━━ DATASET CONTENT ━━
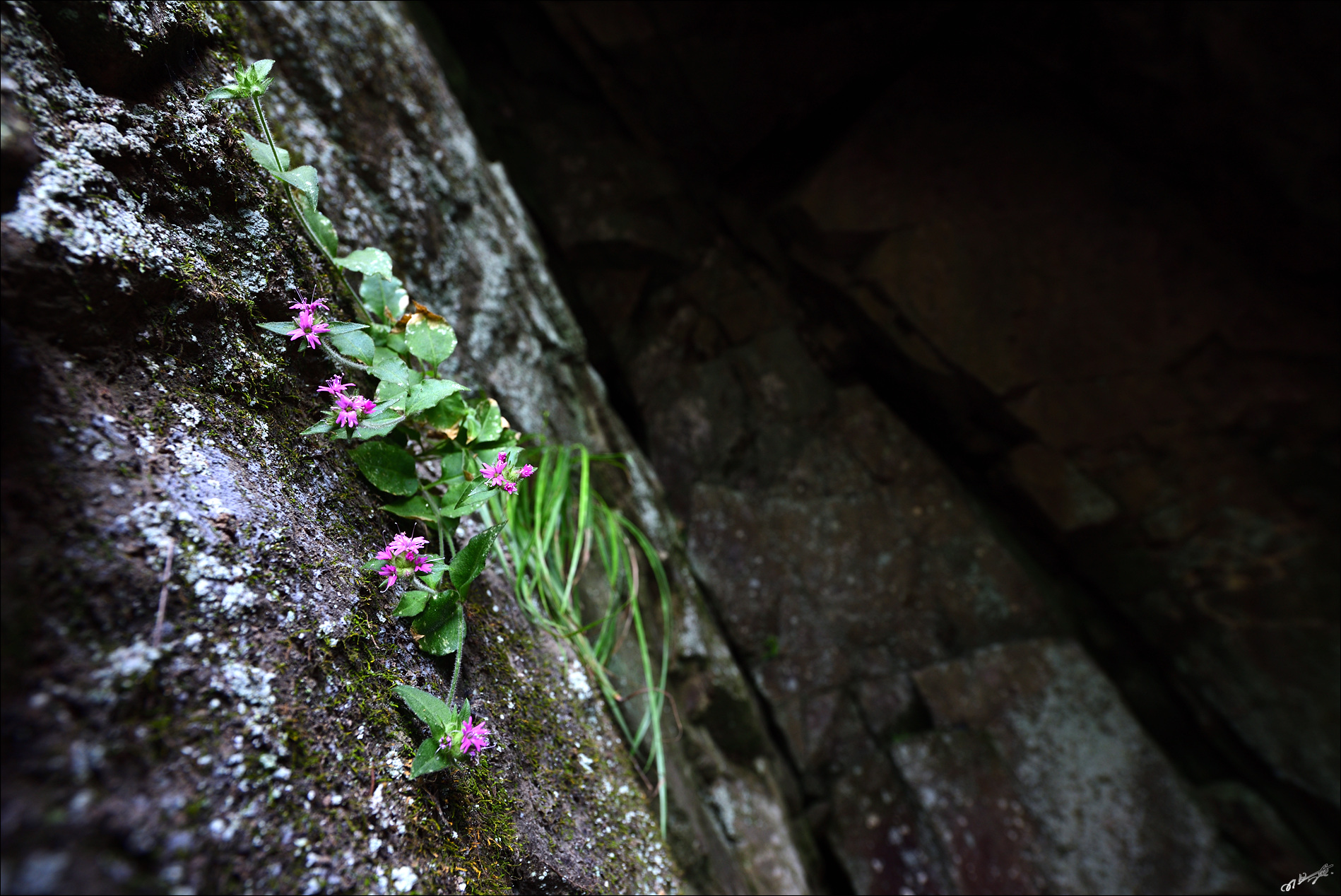 DSC_2217_01.jpg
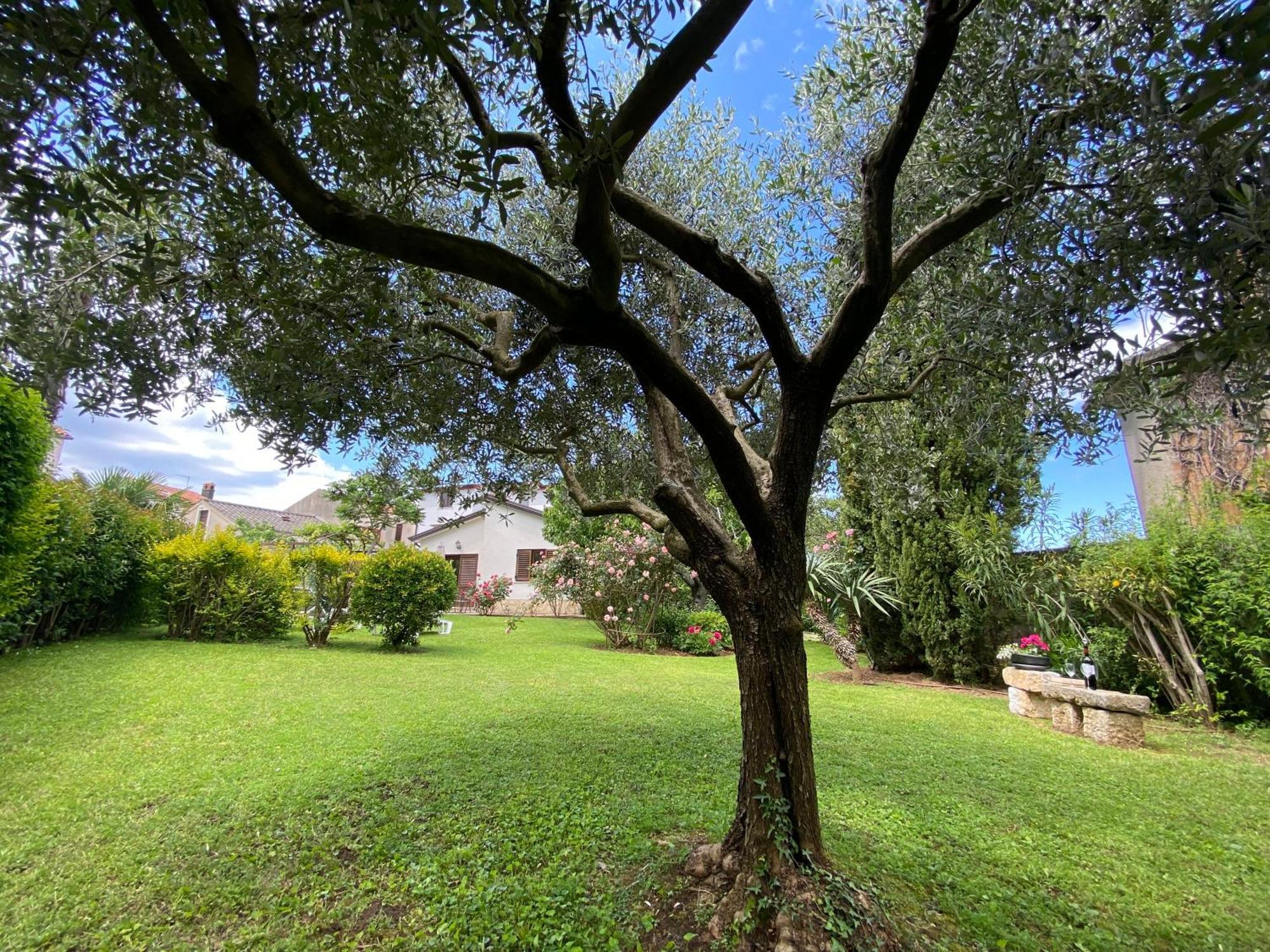 Bungalow Perla Funtana Εξωτερικό φωτογραφία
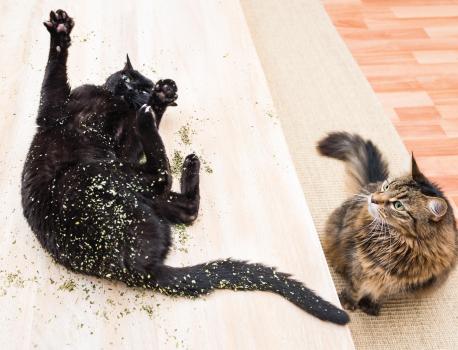 Giving catnip to a cat can lead to some pretty hilarious shenanigans. One trip with the feline devil's grass and your cat will be face-deep in the living room carpet, bustin' a move like he's in a 1980s nightclub. If you have a cat, do you delight him/her with catnip?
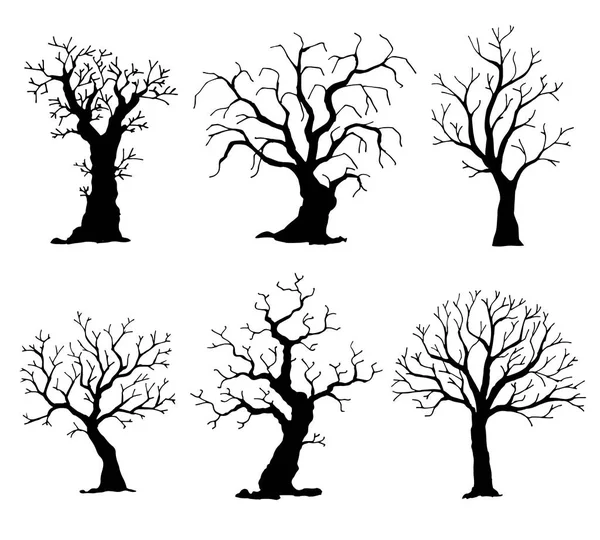Kumpulan siluet pohon. Pohon vektor diisolasi pada latar belakang putih - Stok Vektor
━━━
■ **ACTIVITY**:
The answer must repeat every line of the listing exactly and leave the pictures out.

■ **ANSWER TO THE EXERCISE**:
 DSC_2217_01.jpg
 Bungalow Perla Funtana Εξωτερικό φωτογραφία
 Giving catnip to a cat can lead to some pretty hilarious shenanigans. One trip with the feline devil's grass and your cat will be face-deep in the living room carpet, bustin' a move like he's in a 1980s nightclub. If you have a cat, do you delight him/her with catnip?
Kumpulan siluet pohon. Pohon vektor diisolasi pada latar belakang putih - Stok Vektor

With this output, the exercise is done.